Cinco horas depois, o cozimento vira uma massa escura que segue para um tanque de lavagem, responsável por acelerar a higienização do papel. Após etapas de secagem e prensagem, o processo dá origem a massa celulósica - ou seja, a matéria-prima do papel. O resultado é inofensivo: o que antes era tóxico se tornou cadernos, encartes, convites e outros materiais sem o menor rastro ou cheiro do tabaco. De acordo com o diretor industrial Marcos Poiato, que viu oportunidade no nicho, “com 45 bitucas de cigarro é possível fazer uma folha de papel, utilizada em atividades pedagógicas”.

Rotina Sustentável

O hábito de jogar bitucas no chão não está no dia a dia da promotora de vendas Aline Cruz, 31 anos. Fumante há 16, a jovem evita consumir cigarro na rua enquanto se movimenta e sempre procura uma lixeira para descartar seus filtros. São cerca de 18 por dia, entre idas e vindas pelas livrarias, onde trabalha como representante de uma editora de livros.
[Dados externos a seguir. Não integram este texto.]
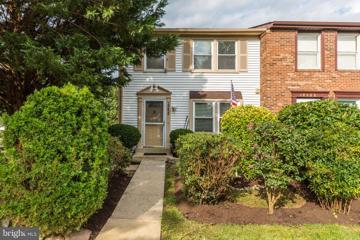 19424 Breezedale Lane, Germantown, MD 20876 - MLS#: MDMC2147296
A medida sustentável se deu na observação das pessoas ao seu redor, que costumavam descartar o resíduo em qualquer lugar.

“Um dia, olhei pra isso e pensei: ‘poxa, não é legal’. Se a gente não gosta que as pessoas joguem papel nas ruas, porque bituca pode? Foi então que resolvi mudar minha postura definitivamente”, conta.

Defensora do pensamento “a mudança começa por mim”, a jovem acredita que seu comportamento faça a diferença para as pessoas que andam com ela. “Creio que minha atitude influencia mais do que chamar a atenção ou dar bronca em alguma pessoa. Mesmo que você faça ela parar para pensar, isso pode ferir o orgulho e ser mais prejudicial do que saudável”.

Onde descartar?

A melhor orientação para o fumante é que ele procure pontos com coletores ou bituqueiras para descarte correto, ou prefira pelas lixeiras comuns. Antes de descartar, é importante apagar a bituca no próprio alumínio da boca da lixeira. “Assim, não corre o risco de provocar um incêndio caso a ponta do cigarro acesa entre em contato com algum material inflamável”, explica a ativista Natália.

Outra alternativa é carregar o próprio cinzeiro portátil, no caso da ausência de uma lixeira próxima. O movimento Mundo Sem Bitucas ensina em suas oficinas como fazer um com embalagens pós-uso e sem nenhum custo. Para quem quiser investir, há no mercado diversos modelos.